▸ Exercise instructions
Please give back only the lines below from the one containing "LADA (VAZ) 2107" to the one containing "Prodej bytu 2+kk, Torrevieja, Španělsko, 32", each repeated word for word, both ends included.

##### Provided information #####

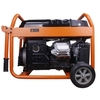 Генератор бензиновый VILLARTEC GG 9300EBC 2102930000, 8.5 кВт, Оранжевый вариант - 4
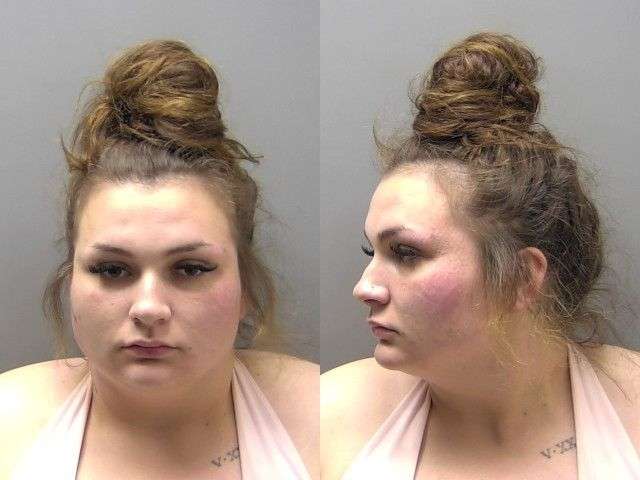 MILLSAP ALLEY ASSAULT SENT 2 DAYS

#####
##### Provided information #####

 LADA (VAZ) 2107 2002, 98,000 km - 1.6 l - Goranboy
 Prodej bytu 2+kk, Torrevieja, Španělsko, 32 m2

#####

▸ Task solution
 LADA (VAZ) 2107 2002, 98,000 km - 1.6 l - Goranboy
 Prodej bytu 2+kk, Torrevieja, Španělsko, 32 m2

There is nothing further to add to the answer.